_Exercise input:_

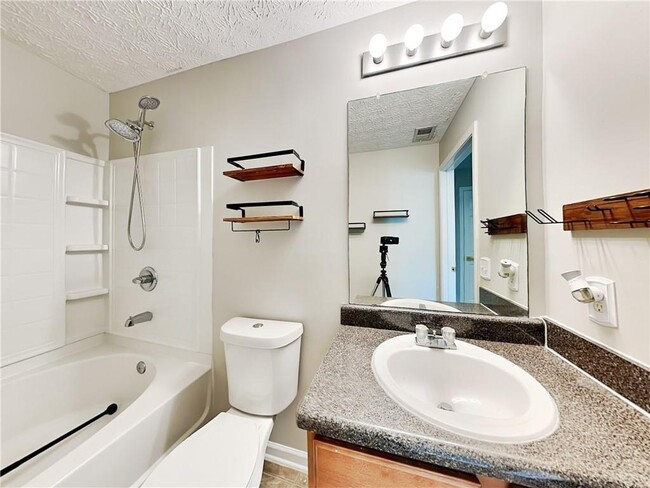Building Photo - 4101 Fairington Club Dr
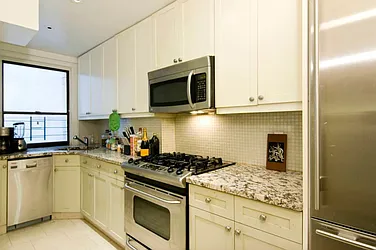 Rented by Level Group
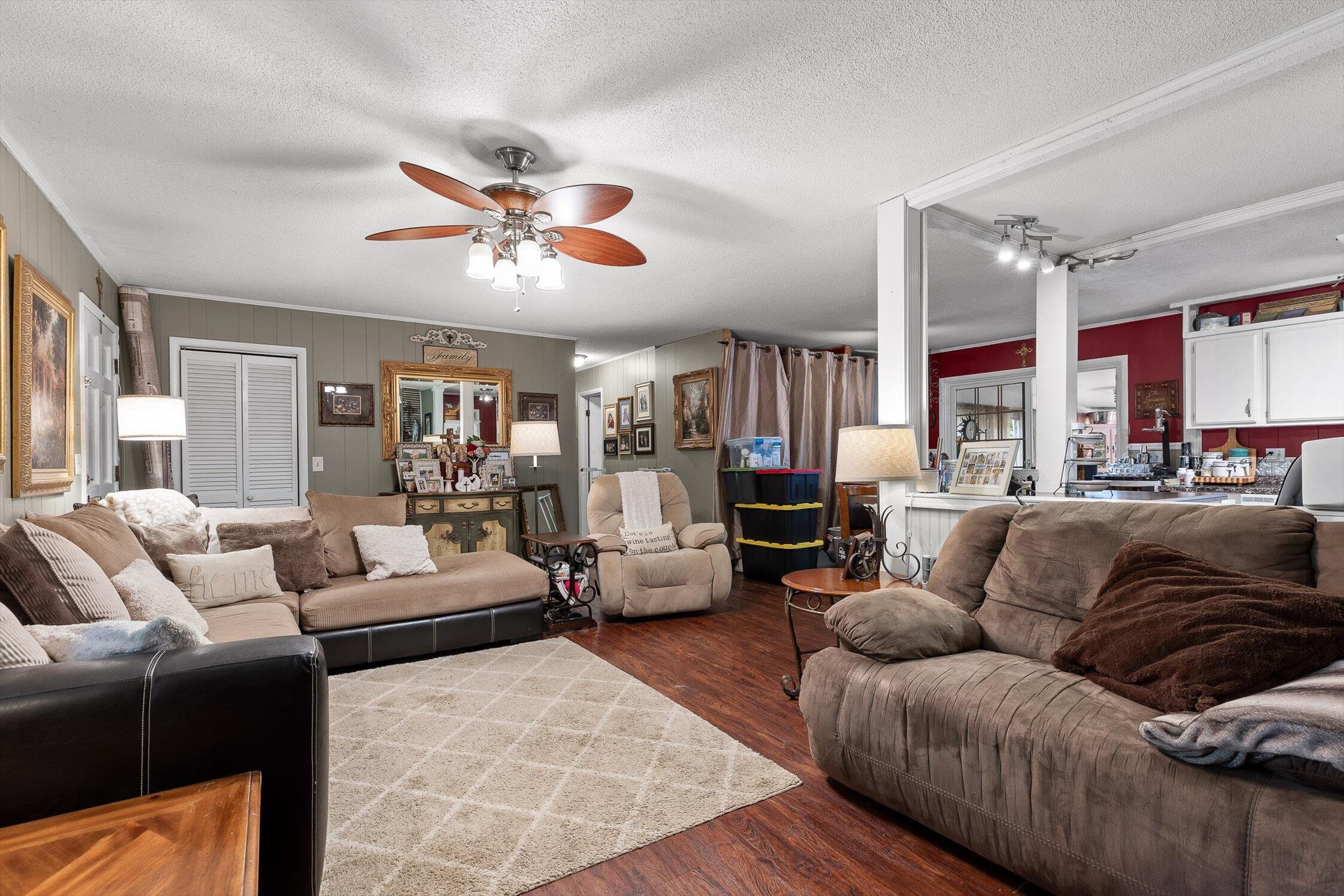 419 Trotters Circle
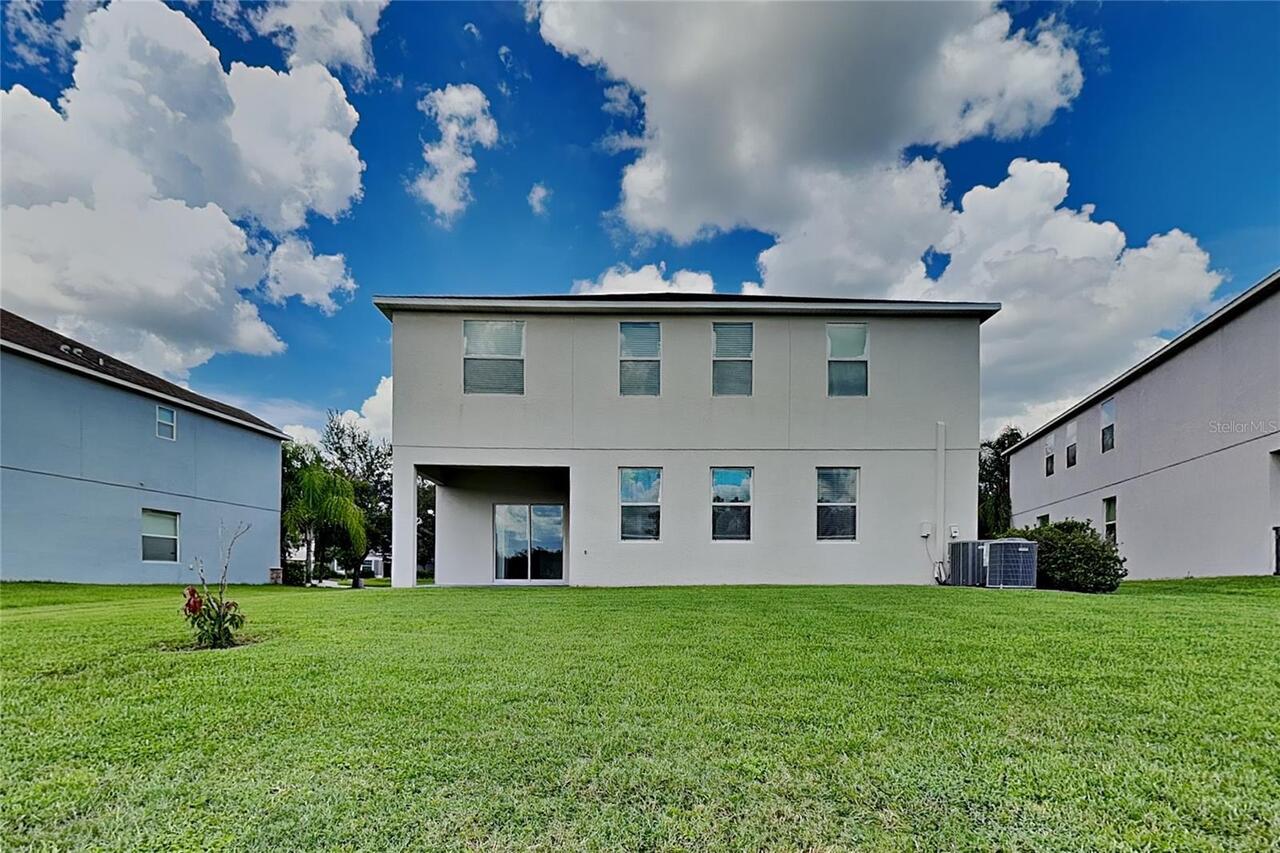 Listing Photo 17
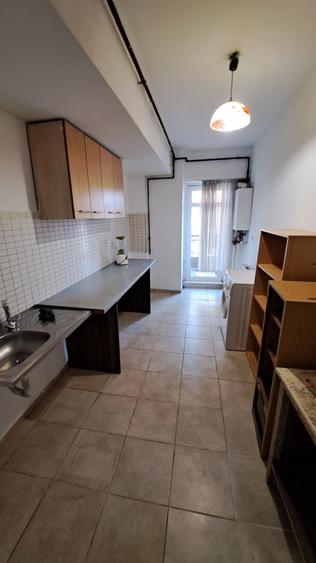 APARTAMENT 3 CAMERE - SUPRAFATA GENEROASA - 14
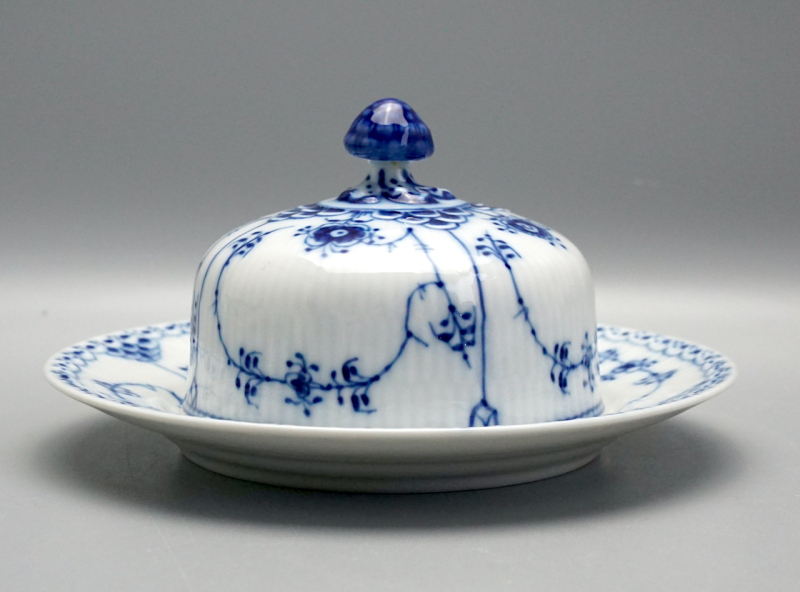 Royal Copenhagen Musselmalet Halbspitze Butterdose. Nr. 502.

_Task description:_ Write out the whole listing exactly. Do not include the pictures.

_Answer to this task:_
Building Photo - 4101 Fairington Club Dr
 Rented by Level Group
 419 Trotters Circle
 Listing Photo 17
 APARTAMENT 3 CAMERE - SUPRAFATA GENEROASA - 14
 Royal Copenhagen Musselmalet Halbspitze Butterdose. Nr. 502.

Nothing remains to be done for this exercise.